[Collected data Boundary: Start]

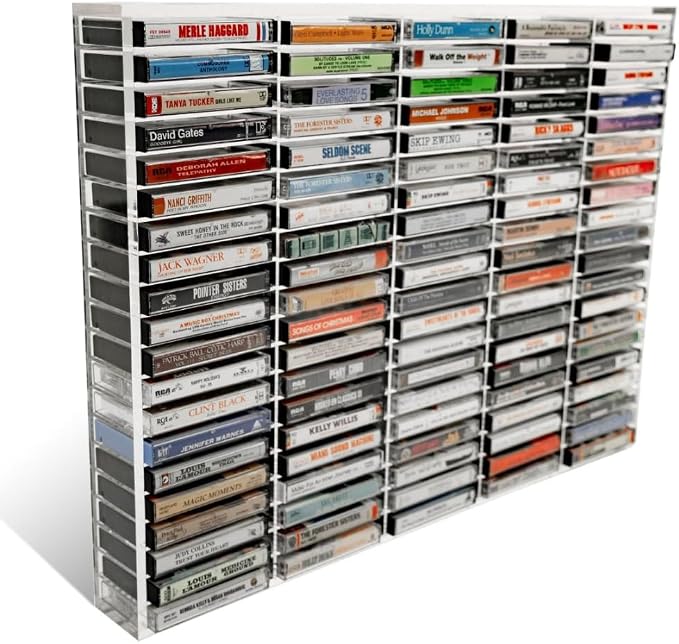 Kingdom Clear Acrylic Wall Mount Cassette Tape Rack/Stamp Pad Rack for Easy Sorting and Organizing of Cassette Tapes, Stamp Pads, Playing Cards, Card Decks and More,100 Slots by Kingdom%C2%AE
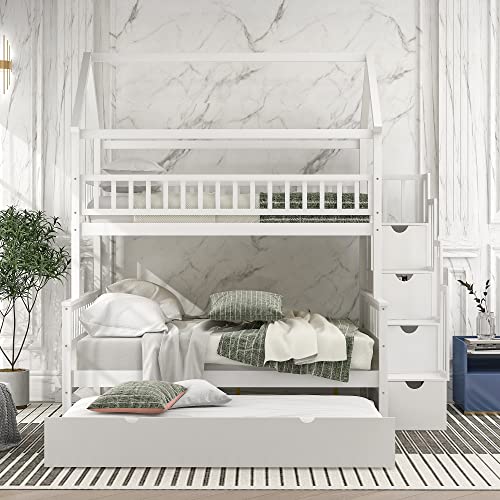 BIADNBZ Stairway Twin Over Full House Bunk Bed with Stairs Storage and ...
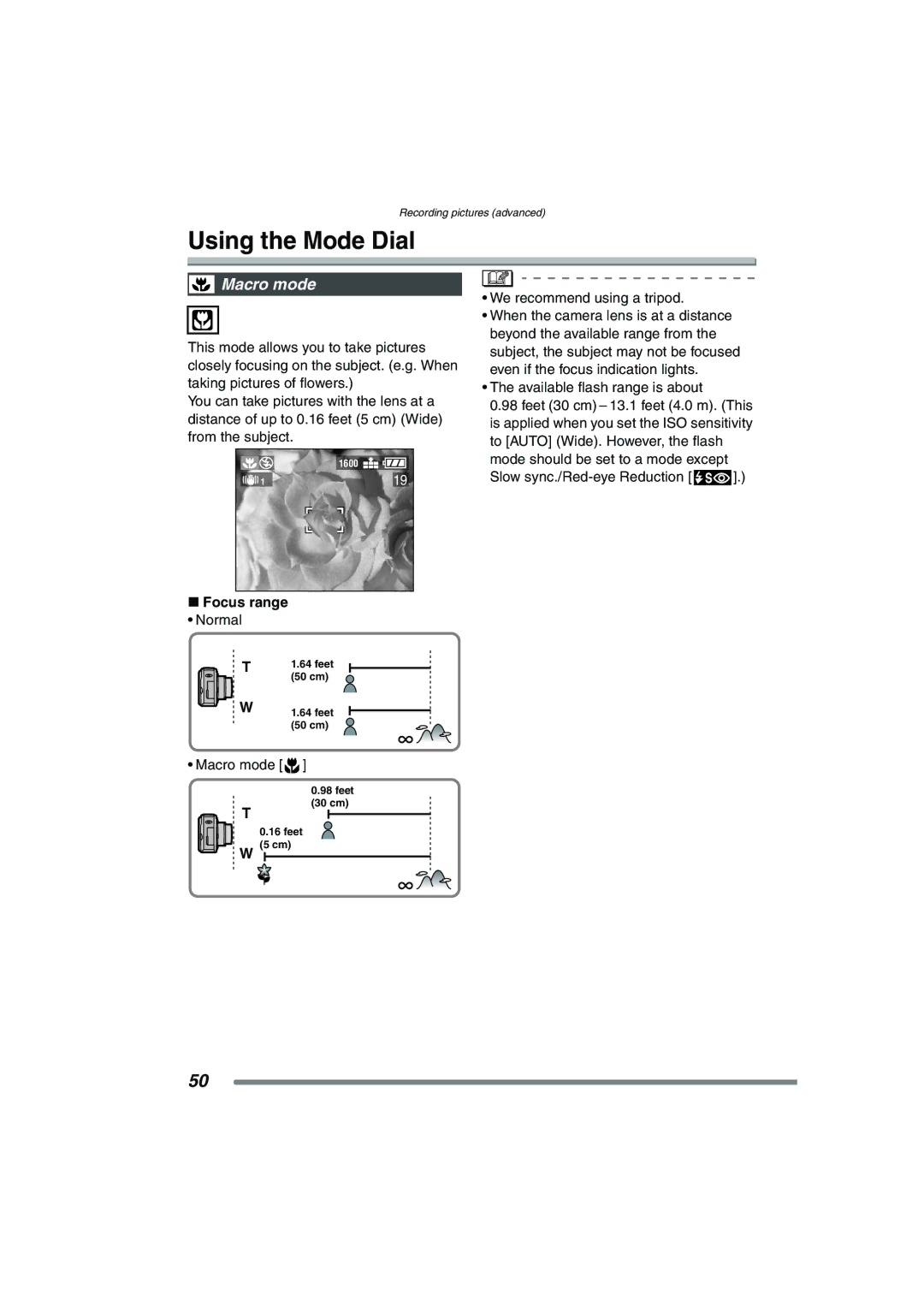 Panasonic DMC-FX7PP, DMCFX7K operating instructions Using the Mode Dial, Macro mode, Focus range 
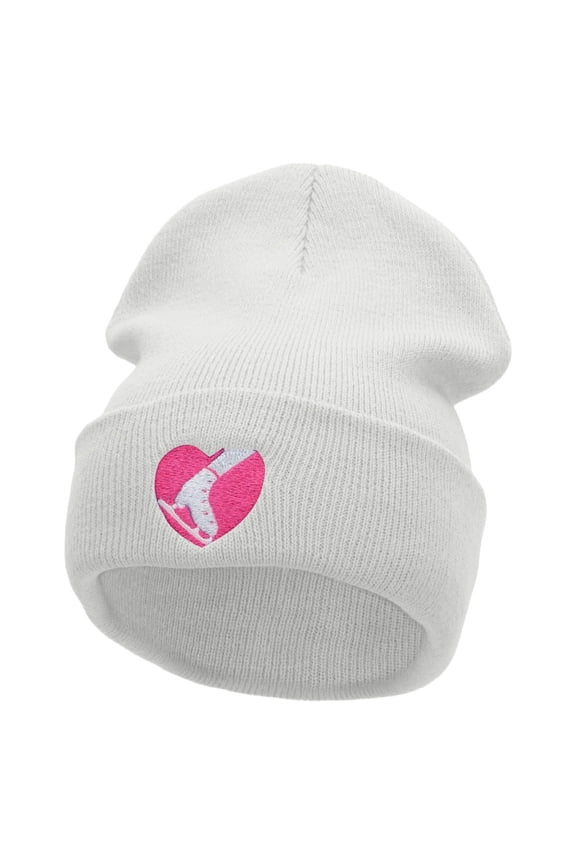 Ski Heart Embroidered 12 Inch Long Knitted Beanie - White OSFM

[Collected data Boundary: End]

# Assigned task
Omit the pictures, then output the rest of the listing exactly.

# Written response
 Kingdom Clear Acrylic Wall Mount Cassette Tape Rack/Stamp Pad Rack for Easy Sorting and Organizing of Cassette Tapes, Stamp Pads, Playing Cards, Card Decks and More,100 Slots by Kingdom%C2%AE
 BIADNBZ Stairway Twin Over Full House Bunk Bed with Stairs Storage and ...
 Panasonic DMC-FX7PP, DMCFX7K operating instructions Using the Mode Dial, Macro mode, Focus range 
 Ski Heart Embroidered 12 Inch Long Knitted Beanie - White OSFM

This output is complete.